Instructions to follow
Give again, word for word, the lines below that run from the line with "Hülle für Infinix" through the line with "Llega el primer Iryo a València". Drop the pictures.

Exercise data
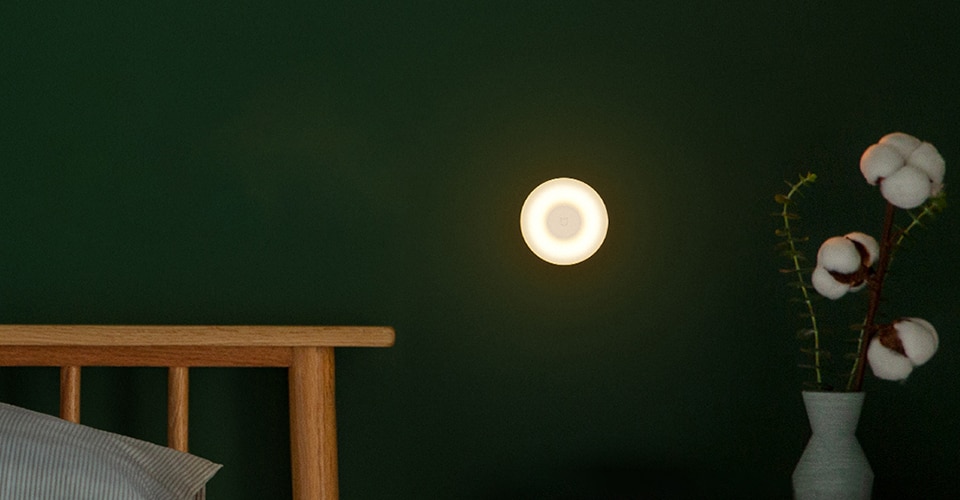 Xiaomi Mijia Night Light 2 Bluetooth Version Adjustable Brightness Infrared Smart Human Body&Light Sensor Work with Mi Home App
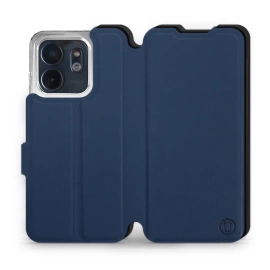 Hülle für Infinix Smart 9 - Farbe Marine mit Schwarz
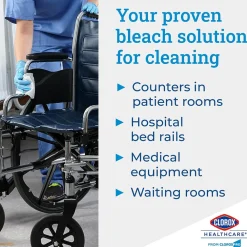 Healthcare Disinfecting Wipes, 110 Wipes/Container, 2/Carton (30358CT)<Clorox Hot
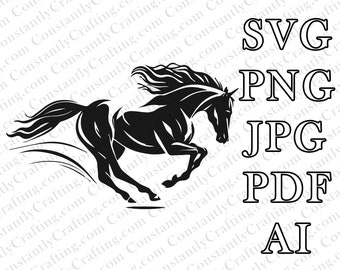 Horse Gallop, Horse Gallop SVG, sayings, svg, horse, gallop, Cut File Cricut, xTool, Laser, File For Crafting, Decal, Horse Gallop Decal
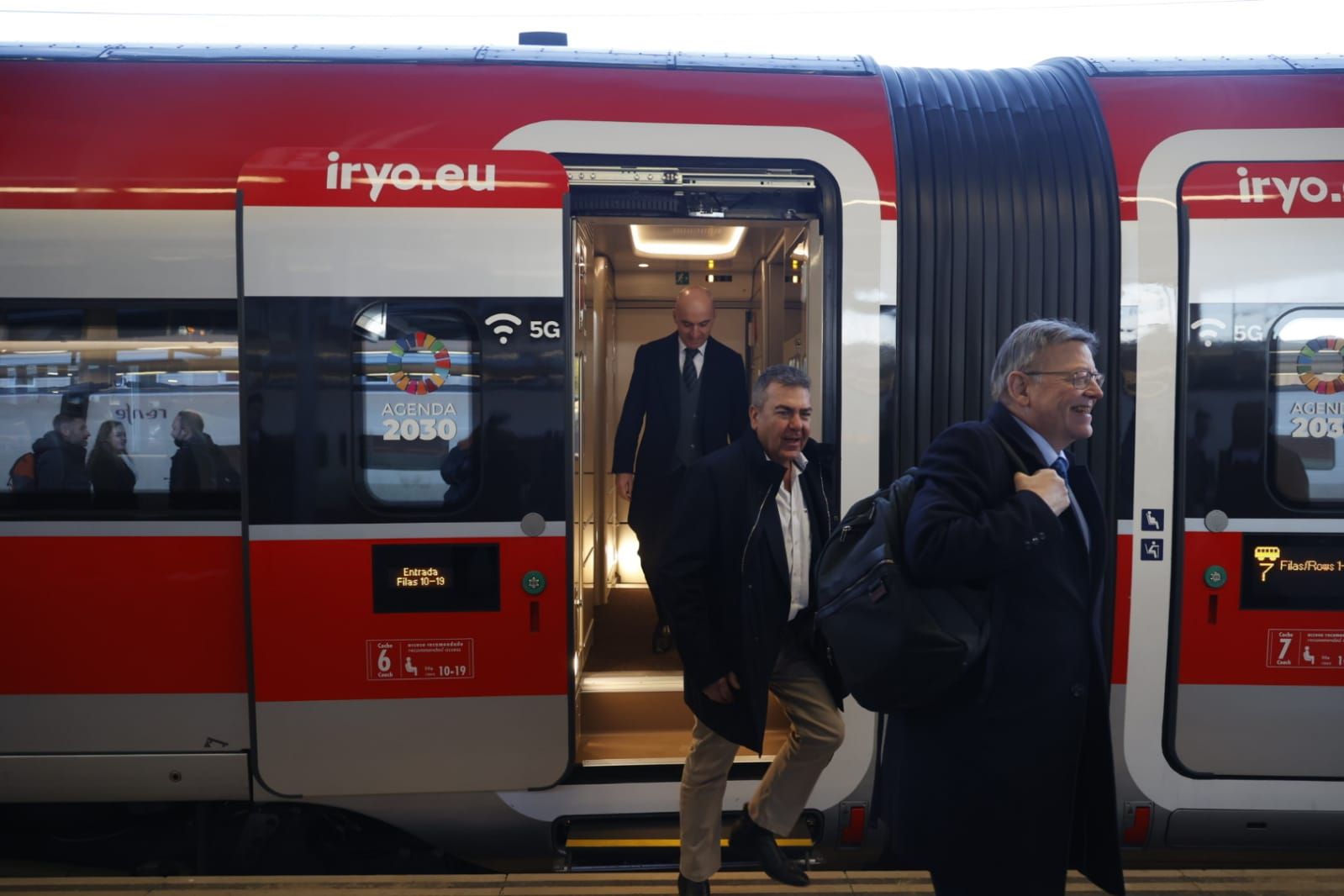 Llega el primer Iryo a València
---
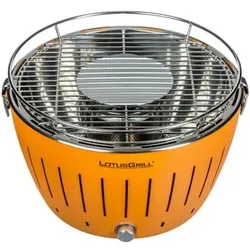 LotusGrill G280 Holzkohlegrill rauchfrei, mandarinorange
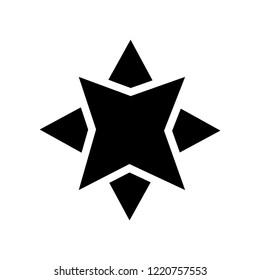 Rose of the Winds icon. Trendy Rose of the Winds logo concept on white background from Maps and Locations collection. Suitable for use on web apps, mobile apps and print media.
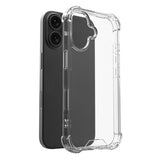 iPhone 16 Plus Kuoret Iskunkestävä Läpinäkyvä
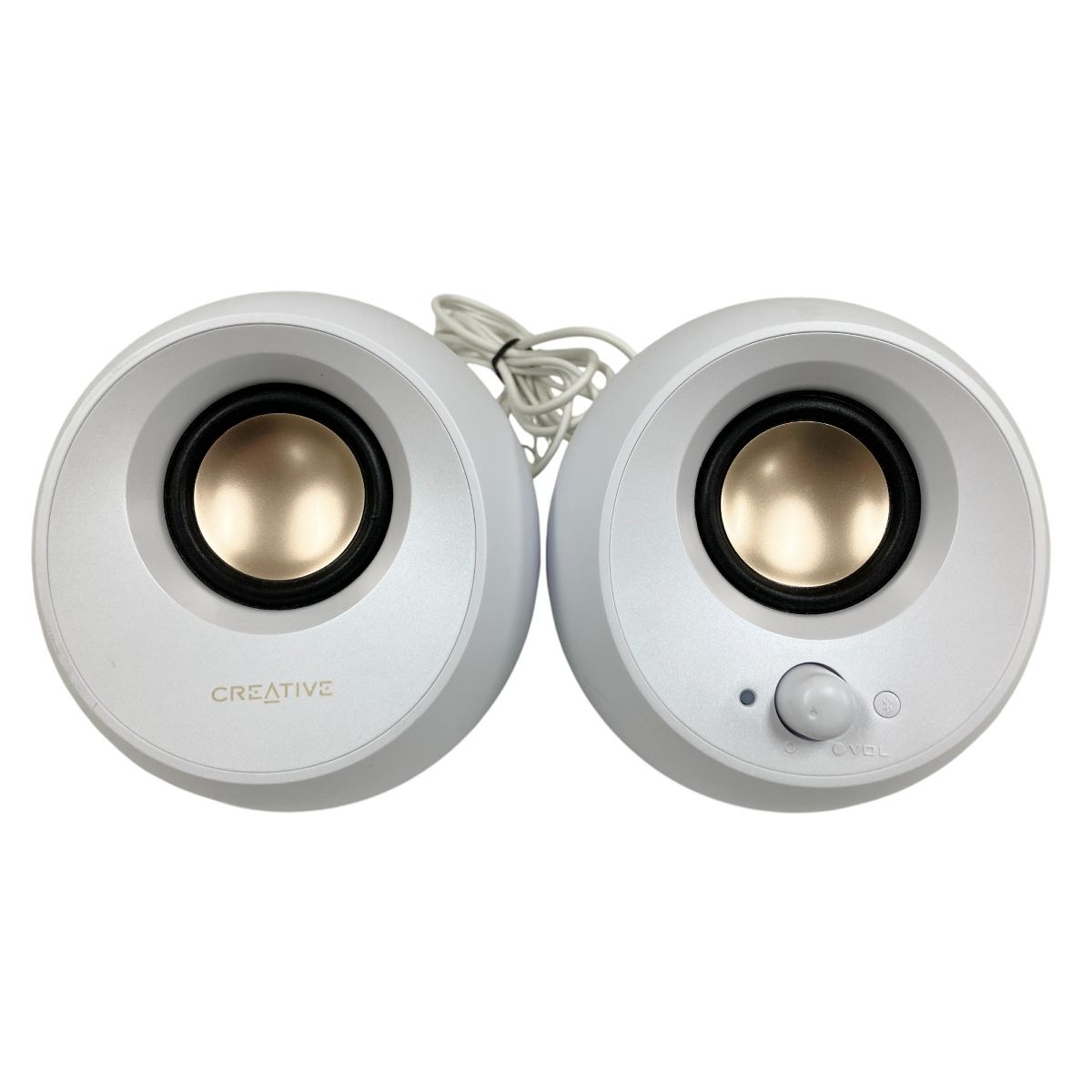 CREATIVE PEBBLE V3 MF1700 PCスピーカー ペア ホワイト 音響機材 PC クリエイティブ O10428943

Expected answer
 Hülle für Infinix Smart 9 - Farbe Marine mit Schwarz
 Healthcare Disinfecting Wipes, 110 Wipes/Container, 2/Carton (30358CT)<Clorox Hot
 Horse Gallop, Horse Gallop SVG, sayings, svg, horse, gallop, Cut File Cricut, xTool, Laser, File For Crafting, Decal, Horse Gallop Decal
 Llega el primer Iryo a València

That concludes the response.